-- Exercise --
Since only part of the material below is wanted, output exactly the lines from the one with "2014 Ford Mustang VIN:1ZVBP8AM3E5301518 - 2" up to and including the one with "Verzorgpony/halve stal gezocht, Animaux".

-- Supplied data --
..........
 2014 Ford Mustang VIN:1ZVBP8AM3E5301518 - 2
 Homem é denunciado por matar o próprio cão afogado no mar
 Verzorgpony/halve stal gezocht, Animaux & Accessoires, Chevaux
..........
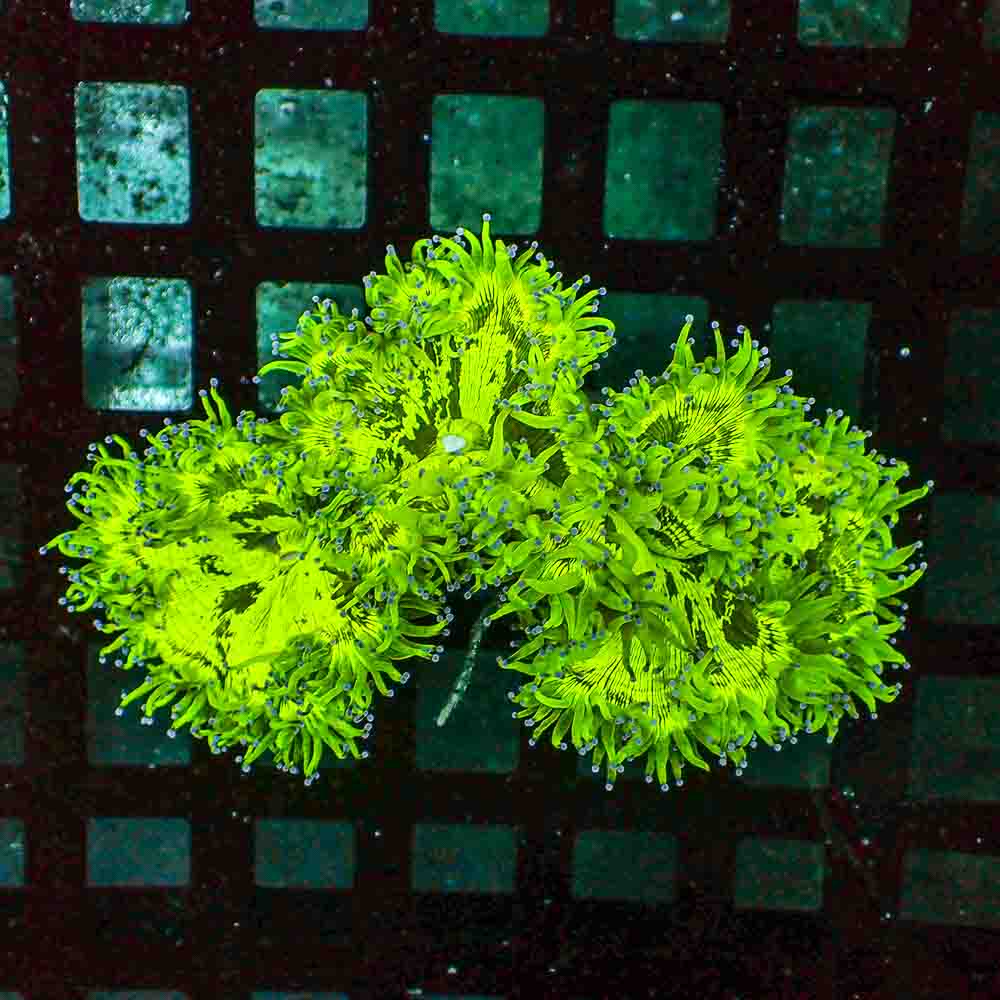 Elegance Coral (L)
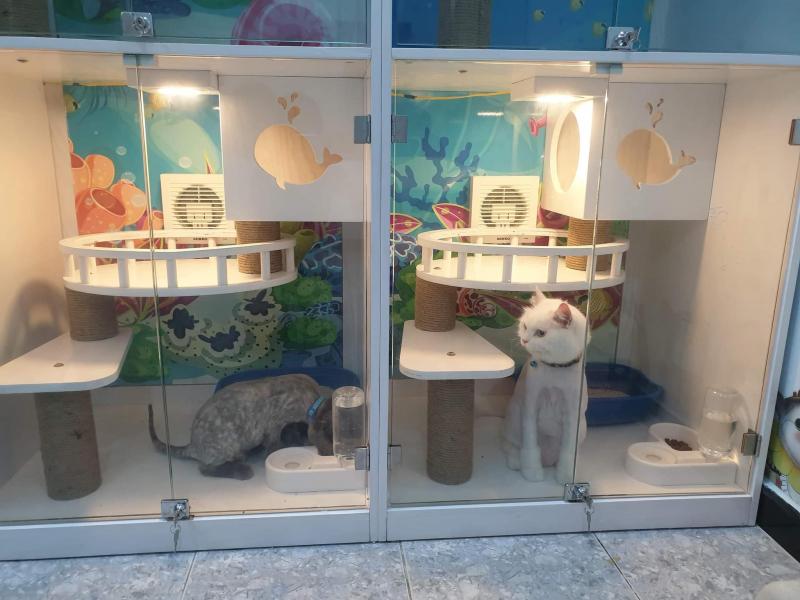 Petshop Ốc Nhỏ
..........
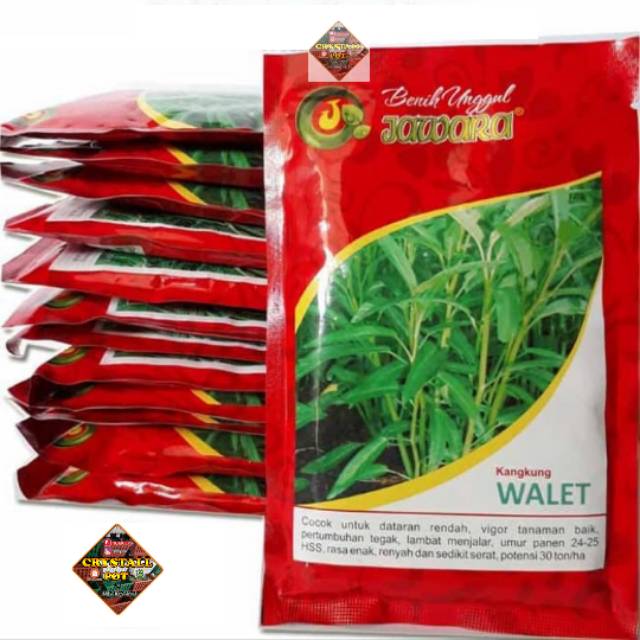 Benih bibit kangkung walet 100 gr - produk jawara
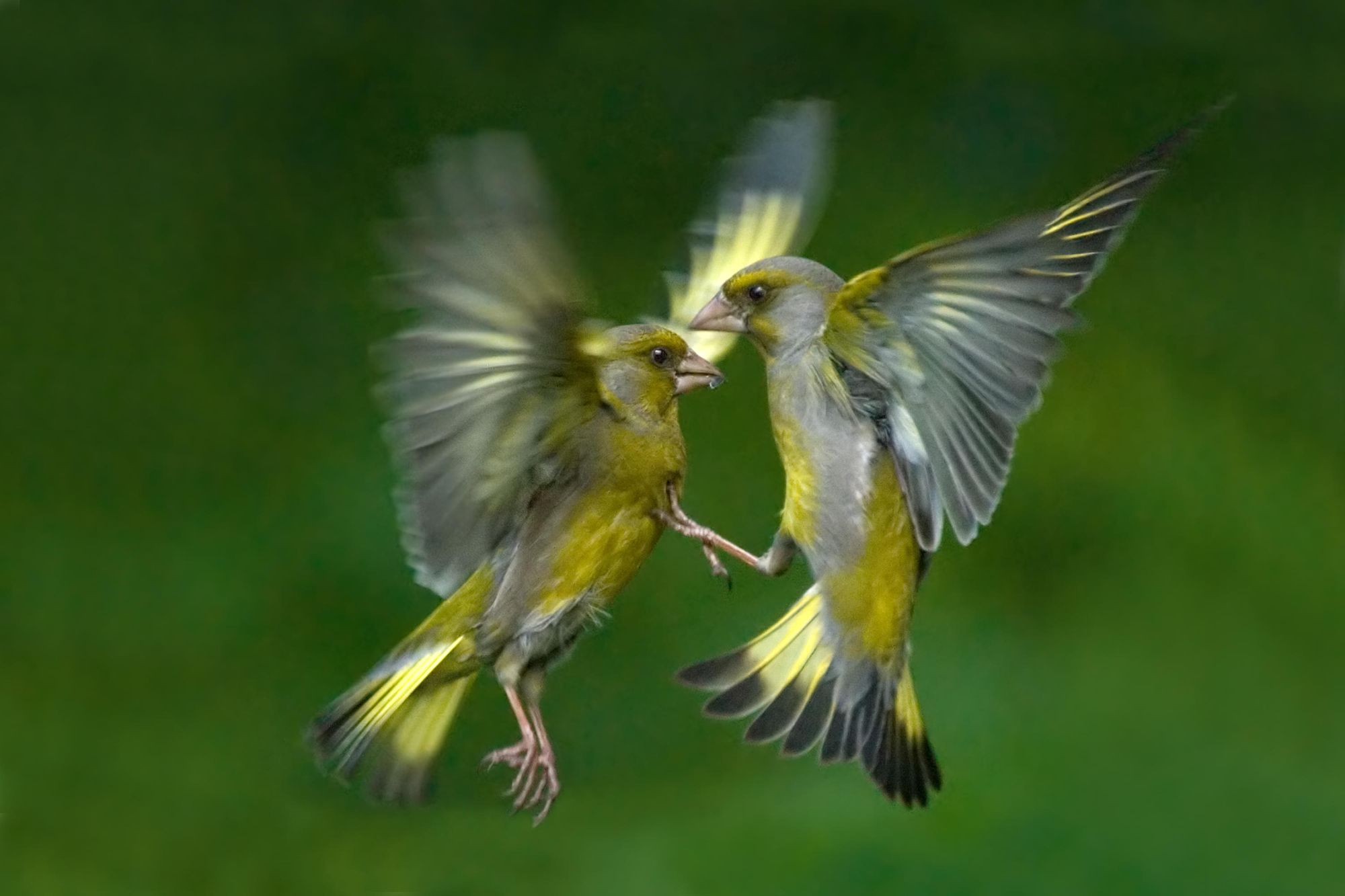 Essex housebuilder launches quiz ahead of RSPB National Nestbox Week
..........
-- Response below --
 2014 Ford Mustang VIN:1ZVBP8AM3E5301518 - 2
 Homem é denunciado por matar o próprio cão afogado no mar
 Verzorgpony/halve stal gezocht, Animaux & Accessoires, Chevaux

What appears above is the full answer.